» **RECORDS FOR PROCESSING**:
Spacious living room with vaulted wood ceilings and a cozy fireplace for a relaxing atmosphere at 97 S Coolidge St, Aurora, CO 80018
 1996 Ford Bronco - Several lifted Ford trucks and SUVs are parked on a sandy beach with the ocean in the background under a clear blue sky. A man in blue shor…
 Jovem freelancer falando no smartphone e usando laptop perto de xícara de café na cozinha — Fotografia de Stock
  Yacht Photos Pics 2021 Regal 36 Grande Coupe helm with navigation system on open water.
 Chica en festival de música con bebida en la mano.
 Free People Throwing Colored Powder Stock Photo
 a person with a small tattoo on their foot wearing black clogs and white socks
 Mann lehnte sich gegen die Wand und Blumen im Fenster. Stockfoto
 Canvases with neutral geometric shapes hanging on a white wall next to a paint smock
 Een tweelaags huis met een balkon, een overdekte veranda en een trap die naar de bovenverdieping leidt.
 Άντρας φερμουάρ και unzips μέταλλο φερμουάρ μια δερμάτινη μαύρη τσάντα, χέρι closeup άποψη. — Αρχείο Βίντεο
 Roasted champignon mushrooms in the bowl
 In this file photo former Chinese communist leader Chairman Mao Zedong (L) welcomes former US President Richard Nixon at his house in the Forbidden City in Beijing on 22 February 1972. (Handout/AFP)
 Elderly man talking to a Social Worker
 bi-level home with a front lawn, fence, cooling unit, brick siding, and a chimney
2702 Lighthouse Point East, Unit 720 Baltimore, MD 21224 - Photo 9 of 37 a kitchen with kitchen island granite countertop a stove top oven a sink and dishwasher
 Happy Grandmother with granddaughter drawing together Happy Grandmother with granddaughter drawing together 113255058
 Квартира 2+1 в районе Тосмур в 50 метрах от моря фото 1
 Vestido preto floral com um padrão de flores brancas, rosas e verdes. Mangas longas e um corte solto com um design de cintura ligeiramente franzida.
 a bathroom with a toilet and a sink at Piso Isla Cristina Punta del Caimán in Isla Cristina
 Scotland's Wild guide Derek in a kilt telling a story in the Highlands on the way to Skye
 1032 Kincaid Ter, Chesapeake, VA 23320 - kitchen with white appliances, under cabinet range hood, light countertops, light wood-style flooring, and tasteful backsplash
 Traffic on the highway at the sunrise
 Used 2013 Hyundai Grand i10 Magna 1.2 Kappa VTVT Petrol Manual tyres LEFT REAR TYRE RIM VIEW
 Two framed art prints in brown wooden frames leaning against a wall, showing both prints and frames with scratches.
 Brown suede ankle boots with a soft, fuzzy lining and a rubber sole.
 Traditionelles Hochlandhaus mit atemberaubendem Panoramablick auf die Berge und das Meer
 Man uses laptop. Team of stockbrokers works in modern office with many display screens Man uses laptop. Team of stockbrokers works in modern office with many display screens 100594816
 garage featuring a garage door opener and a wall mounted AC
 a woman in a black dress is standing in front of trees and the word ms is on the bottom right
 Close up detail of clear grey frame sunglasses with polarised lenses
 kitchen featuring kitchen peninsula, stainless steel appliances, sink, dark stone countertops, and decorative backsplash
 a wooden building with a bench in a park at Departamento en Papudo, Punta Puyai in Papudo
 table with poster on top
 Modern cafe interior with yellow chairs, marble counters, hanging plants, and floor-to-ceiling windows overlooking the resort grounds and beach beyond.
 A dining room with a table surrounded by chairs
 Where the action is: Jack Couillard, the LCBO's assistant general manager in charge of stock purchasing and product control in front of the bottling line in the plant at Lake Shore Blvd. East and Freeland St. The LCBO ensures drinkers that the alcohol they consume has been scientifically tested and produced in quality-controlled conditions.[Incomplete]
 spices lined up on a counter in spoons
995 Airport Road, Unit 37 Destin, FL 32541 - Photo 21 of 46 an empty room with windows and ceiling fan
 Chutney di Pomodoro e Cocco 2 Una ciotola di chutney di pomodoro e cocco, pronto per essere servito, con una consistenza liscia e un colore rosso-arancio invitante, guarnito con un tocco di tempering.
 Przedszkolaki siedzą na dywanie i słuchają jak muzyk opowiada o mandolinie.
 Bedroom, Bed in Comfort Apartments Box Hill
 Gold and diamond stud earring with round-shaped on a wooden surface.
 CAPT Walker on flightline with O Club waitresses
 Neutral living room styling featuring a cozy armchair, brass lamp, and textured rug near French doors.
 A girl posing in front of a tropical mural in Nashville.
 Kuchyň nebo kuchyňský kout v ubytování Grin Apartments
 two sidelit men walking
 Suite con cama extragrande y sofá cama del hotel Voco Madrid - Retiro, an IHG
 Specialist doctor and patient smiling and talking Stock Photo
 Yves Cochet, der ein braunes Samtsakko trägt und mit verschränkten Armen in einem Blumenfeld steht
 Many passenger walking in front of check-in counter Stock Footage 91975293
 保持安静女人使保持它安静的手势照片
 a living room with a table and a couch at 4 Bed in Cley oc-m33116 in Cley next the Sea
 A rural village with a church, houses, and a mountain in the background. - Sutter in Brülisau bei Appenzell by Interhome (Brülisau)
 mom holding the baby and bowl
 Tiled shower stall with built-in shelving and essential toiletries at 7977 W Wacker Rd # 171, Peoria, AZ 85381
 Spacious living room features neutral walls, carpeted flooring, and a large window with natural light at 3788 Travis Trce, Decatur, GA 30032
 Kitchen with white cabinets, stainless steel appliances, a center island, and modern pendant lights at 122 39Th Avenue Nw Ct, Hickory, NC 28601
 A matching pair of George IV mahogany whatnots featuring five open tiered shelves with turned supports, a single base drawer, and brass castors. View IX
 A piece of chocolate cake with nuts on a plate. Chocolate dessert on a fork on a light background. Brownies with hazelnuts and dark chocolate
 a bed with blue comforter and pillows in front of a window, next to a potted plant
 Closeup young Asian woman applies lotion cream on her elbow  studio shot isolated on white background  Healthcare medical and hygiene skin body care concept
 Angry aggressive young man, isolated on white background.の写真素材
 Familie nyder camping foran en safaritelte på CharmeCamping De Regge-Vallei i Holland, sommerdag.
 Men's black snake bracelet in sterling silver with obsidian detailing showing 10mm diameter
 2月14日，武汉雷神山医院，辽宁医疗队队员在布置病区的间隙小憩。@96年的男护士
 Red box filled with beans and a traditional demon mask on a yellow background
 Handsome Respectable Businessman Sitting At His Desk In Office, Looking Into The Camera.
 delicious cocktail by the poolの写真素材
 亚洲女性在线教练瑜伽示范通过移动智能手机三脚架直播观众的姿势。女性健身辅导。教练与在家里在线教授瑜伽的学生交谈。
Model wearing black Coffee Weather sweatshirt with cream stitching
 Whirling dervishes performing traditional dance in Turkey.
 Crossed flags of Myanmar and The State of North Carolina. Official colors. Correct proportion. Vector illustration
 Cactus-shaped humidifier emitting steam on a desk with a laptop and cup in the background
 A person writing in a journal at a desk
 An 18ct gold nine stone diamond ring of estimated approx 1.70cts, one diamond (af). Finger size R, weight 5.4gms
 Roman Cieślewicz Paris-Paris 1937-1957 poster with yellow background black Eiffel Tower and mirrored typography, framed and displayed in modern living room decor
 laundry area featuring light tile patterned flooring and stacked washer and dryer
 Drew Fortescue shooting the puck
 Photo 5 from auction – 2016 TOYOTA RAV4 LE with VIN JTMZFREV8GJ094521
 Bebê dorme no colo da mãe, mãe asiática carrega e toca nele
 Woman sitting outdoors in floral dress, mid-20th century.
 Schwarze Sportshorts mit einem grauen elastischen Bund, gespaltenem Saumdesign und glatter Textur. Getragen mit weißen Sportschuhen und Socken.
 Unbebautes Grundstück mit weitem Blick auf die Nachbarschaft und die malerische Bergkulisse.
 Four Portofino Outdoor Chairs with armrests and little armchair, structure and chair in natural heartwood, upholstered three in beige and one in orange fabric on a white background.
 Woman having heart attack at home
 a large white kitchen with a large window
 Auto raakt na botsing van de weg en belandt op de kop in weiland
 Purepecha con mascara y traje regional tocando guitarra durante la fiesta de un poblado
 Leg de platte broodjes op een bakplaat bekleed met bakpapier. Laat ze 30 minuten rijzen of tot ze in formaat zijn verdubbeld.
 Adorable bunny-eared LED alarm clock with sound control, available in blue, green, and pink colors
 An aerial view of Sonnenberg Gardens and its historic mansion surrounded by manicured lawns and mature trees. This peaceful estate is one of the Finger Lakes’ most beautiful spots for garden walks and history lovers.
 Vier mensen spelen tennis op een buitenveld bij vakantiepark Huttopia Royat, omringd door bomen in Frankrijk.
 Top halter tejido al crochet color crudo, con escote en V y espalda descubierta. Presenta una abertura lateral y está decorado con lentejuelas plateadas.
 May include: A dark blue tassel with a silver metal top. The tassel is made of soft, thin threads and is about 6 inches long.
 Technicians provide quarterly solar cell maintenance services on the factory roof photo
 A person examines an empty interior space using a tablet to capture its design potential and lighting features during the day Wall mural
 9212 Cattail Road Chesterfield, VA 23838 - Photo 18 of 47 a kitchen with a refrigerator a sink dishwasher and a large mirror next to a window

» **ASSIGNMENT**: Copy out, from the material above, each line in which the string "wooden" is found.

» **ANSWER FOR THE TASK**:
 Two framed art prints in brown wooden frames leaning against a wall, showing both prints and frames with scratches.
 a wooden building with a bench in a park at Departamento en Papudo, Punta Puyai in Papudo
 Gold and diamond stud earring with round-shaped on a wooden surface.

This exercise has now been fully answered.